→ What the task asks
From the first line to the last, output the records exactly and drop any images.

→ Data extracts
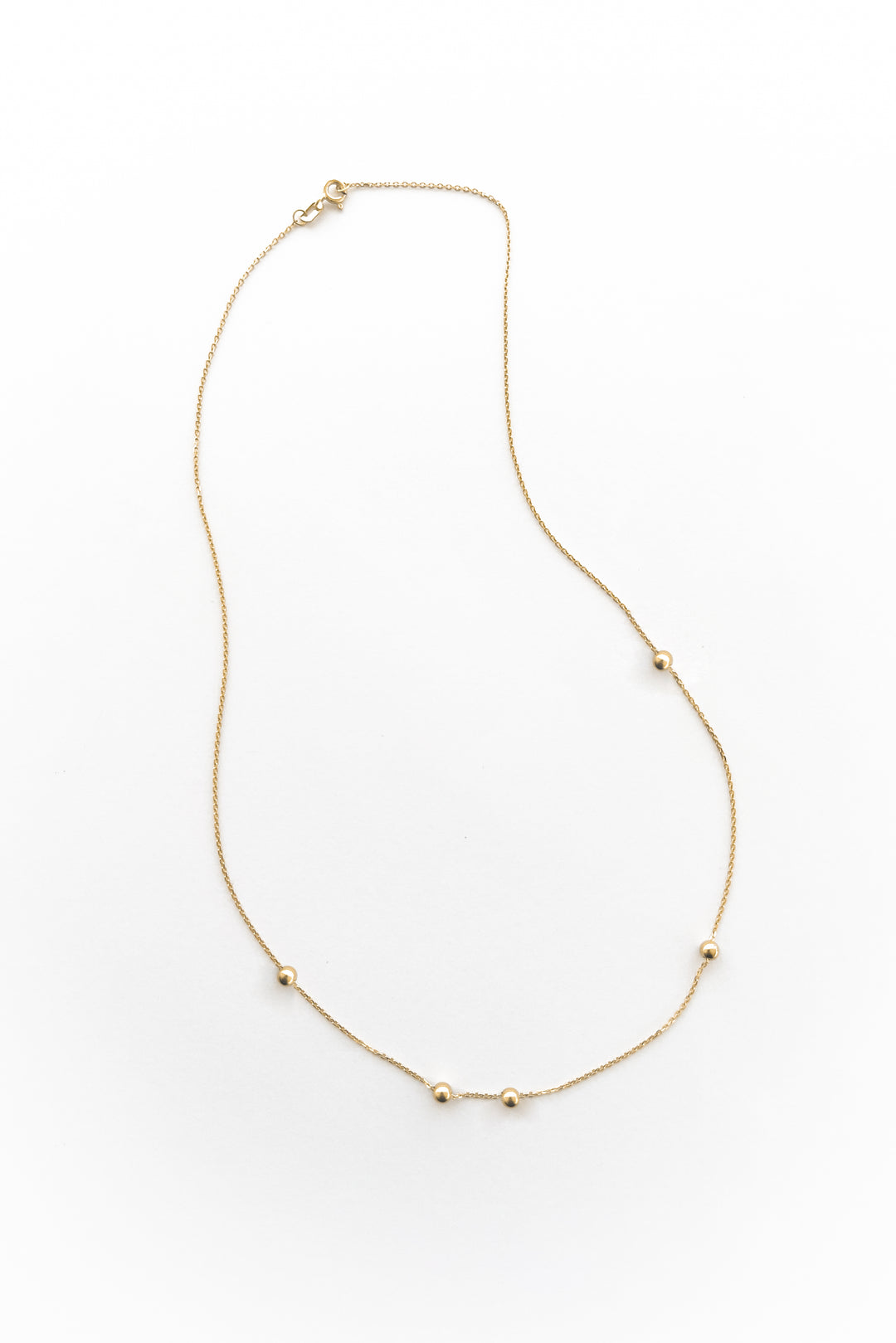 5 Mini Spheres gold necklace
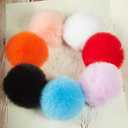 2 x 12 Pcs Small Faux Fur Pom Pom Balls 2.75 in Fur Fluffy Pompom Ball with Elastic Loop for Hats, Shoes, Scarves, Gloves, Bags, Key Chain Charms Accessories, 2 3/4 inches (Red)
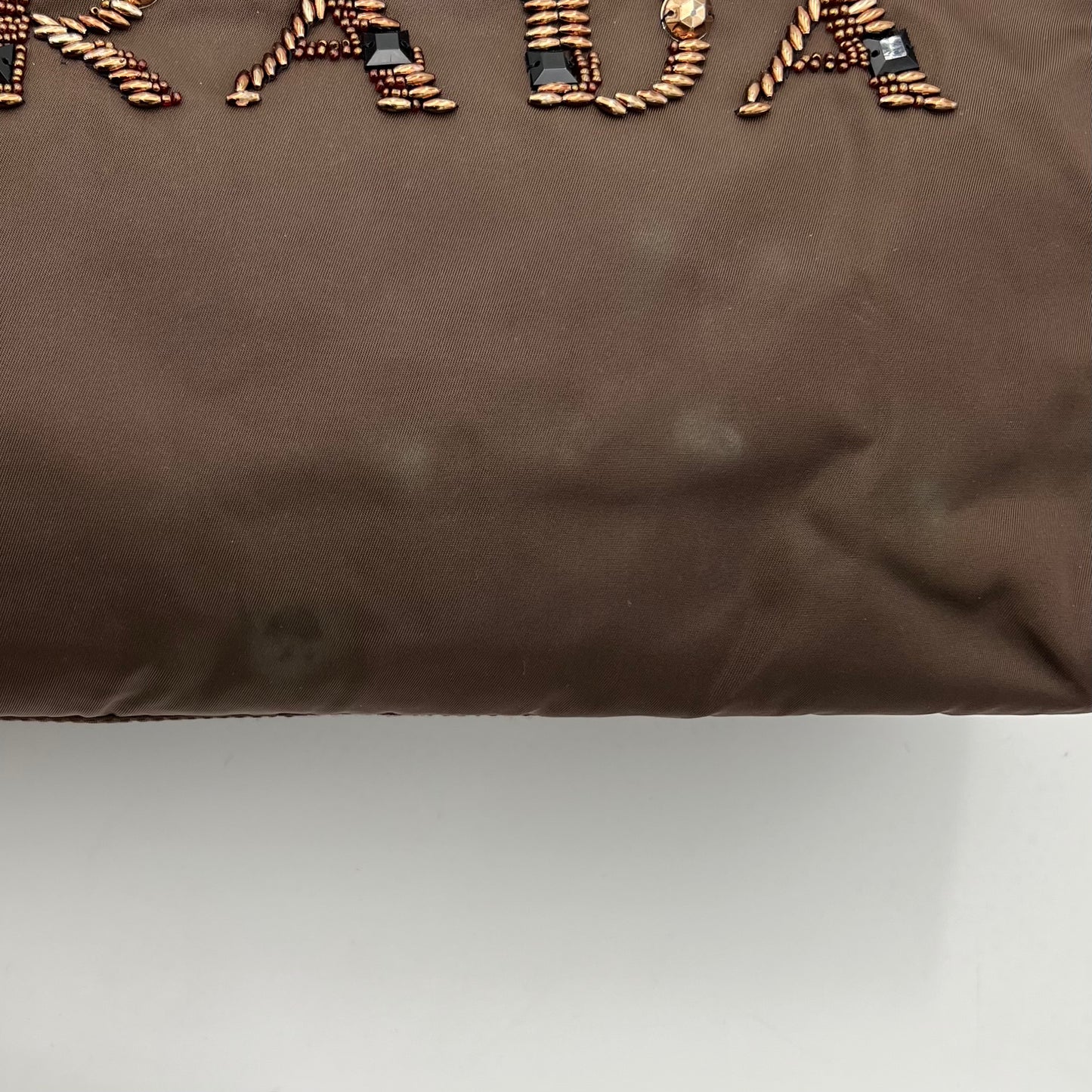 Prada Brown Nylon Embellished Logo Python Long Strap Bag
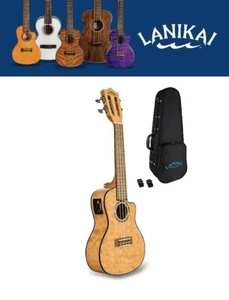 Ukelele eléctrico corte natural de concierto de arce acolchado Lanikai | estuche gratuito | NUEVO - Imagen 1 de 7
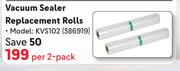 Bennett Read Vacuum Sealer Replacement Rolls KVS102 386919-Per 2-Pack
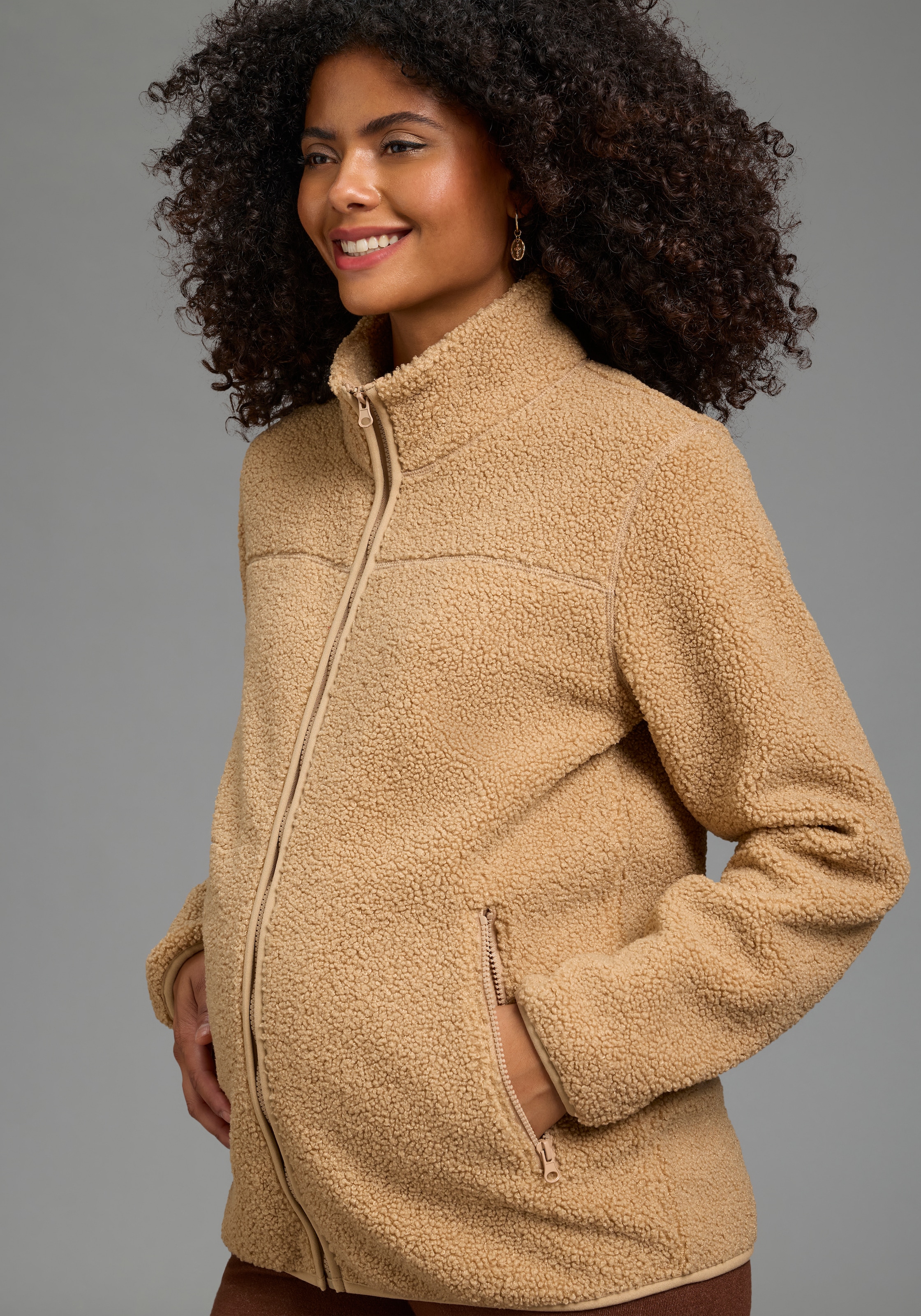 Neun Monate Umstandssweatjacke »2in1 Umstandsfleecejacke mit zippbaren Baby-Einsatz« mit Stehkragen, aus weichem Fleece, bequeme Passform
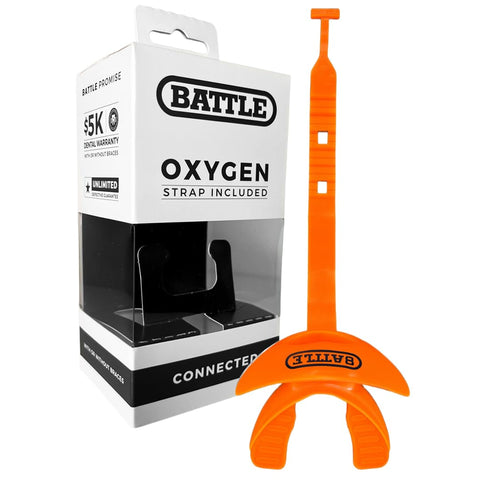 Battle Oxygen Lip Protector Mouth Guard with Connected Strap, Football and Sports Gear, Maximum Oxygen Supply, Mouthpiece Fits With or Without Braces - One Size, Light Red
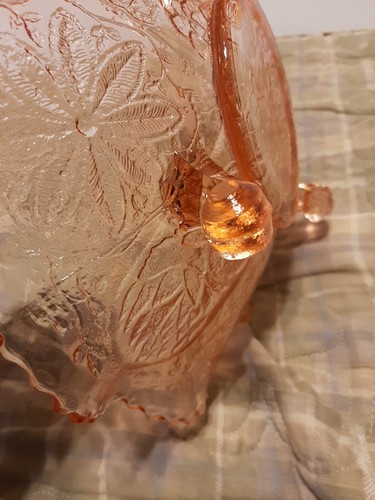 Fenton Art Glass Depression WATER LILY Pink Footed Bowl - Picture 8 of 12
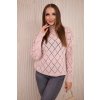High-neckline sweater with diamond pattern powder pink krémová One size Kesi 5907302253088 High-neckline sweater with diamond pattern powder pink krémová One size Kesi 5907302253088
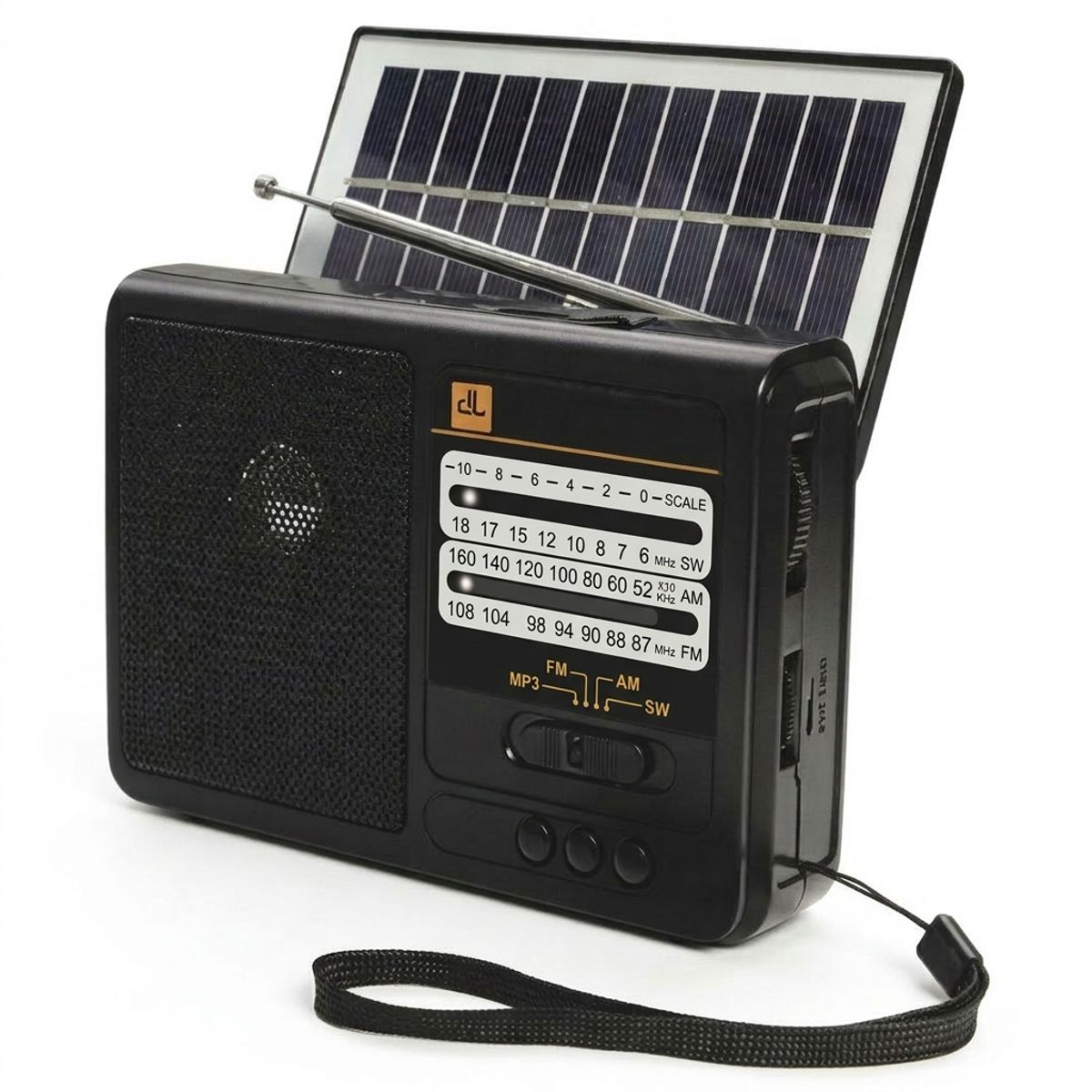 Digilife - Radio Solar Recargable Multibanda AM/FM/ SW/MP3/SD/ Linterna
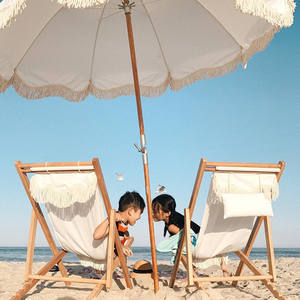 Chaises longues de <span class=keywords><strong>jardin</strong></span> en <span class=keywords><strong>toile</strong></span> vintage de qualité supérieure avec franges en <span class=keywords><strong>bois</strong></span>, réglables, sans accoudoirs, pour patio, bord de piscine - Product Image 6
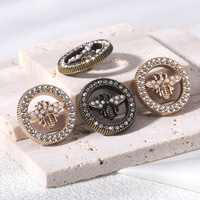 Grosir Kancing Jahit Logam Model Kupu-kupu Lebah Berlubang 18mm 23mm untuk Wanita, Hias Kristal Rhinestone dan Berlian Imitasi, Dapat Disesuaikan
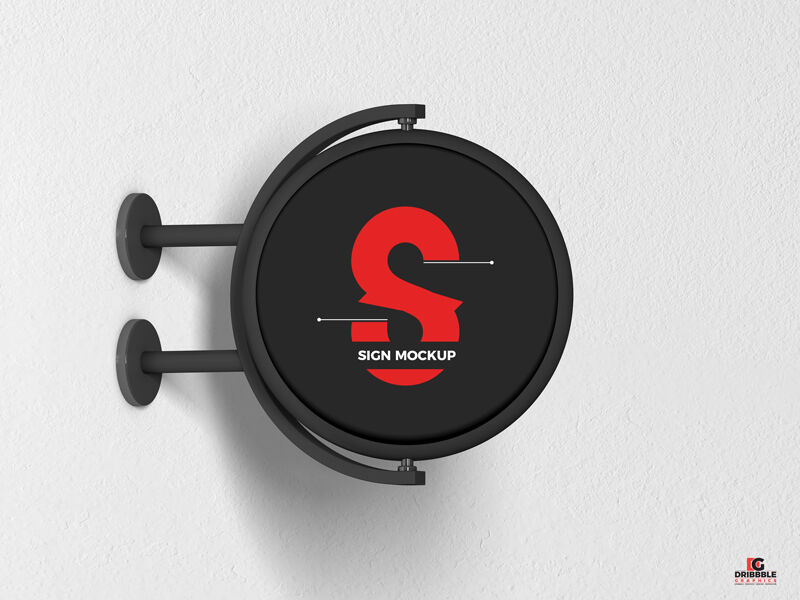 Round Signage Put up on the Wall in Half-Side View Mockup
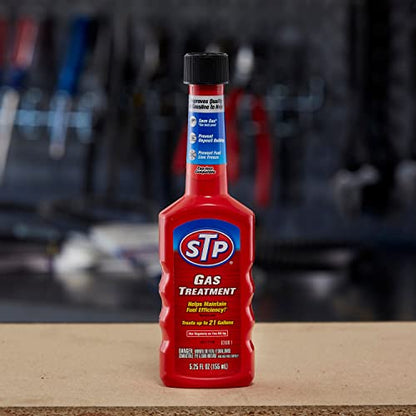 STP Gas Treatment Fuel Additive, 5.25 fl oz Bottles, 2 Pack, Fuel Cleaner That Fights Deposit Build-up, Prevents Fuel Line Freeze, and Saves Gas - style: Gas Treatment (2 Pack)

→ Task output
 5 Mini Spheres gold necklace
 2 x 12 Pcs Small Faux Fur Pom Pom Balls 2.75 in Fur Fluffy Pompom Ball with Elastic Loop for Hats, Shoes, Scarves, Gloves, Bags, Key Chain Charms Accessories, 2 3/4 inches (Red)
 Prada Brown Nylon Embellished Logo Python Long Strap Bag
 Ukelele eléctrico corte natural de concierto de arce acolchado Lanikai | estuche gratuito | NUEVO - Imagen 1 de 7
 Bennett Read Vacuum Sealer Replacement Rolls KVS102 386919-Per 2-Pack
 Neun Monate Umstandssweatjacke »2in1 Umstandsfleecejacke mit zippbaren Baby-Einsatz« mit Stehkragen, aus weichem Fleece, bequeme Passform
 Battle Oxygen Lip Protector Mouth Guard with Connected Strap, Football and Sports Gear, Maximum Oxygen Supply, Mouthpiece Fits With or Without Braces - One Size, Light Red
 Fenton Art Glass Depression WATER LILY Pink Footed Bowl - Picture 8 of 12
High-neckline sweater with diamond pattern powder pink krémová One size Kesi 5907302253088 High-neckline sweater with diamond pattern powder pink krémová One size Kesi 5907302253088
 Digilife - Radio Solar Recargable Multibanda AM/FM/ SW/MP3/SD/ Linterna
 Chaises longues de <span class=keywords><strong>jardin</strong></span> en <span class=keywords><strong>toile</strong></span> vintage de qualité supérieure avec franges en <span class=keywords><strong>bois</strong></span>, réglables, sans accoudoirs, pour patio, bord de piscine - Product Image 6
 Grosir Kancing Jahit Logam Model Kupu-kupu Lebah Berlubang 18mm 23mm untuk Wanita, Hias Kristal Rhinestone dan Berlian Imitasi, Dapat Disesuaikan
 Round Signage Put up on the Wall in Half-Side View Mockup
 STP Gas Treatment Fuel Additive, 5.25 fl oz Bottles, 2 Pack, Fuel Cleaner That Fights Deposit Build-up, Prevents Fuel Line Freeze, and Saves Gas - style: Gas Treatment (2 Pack)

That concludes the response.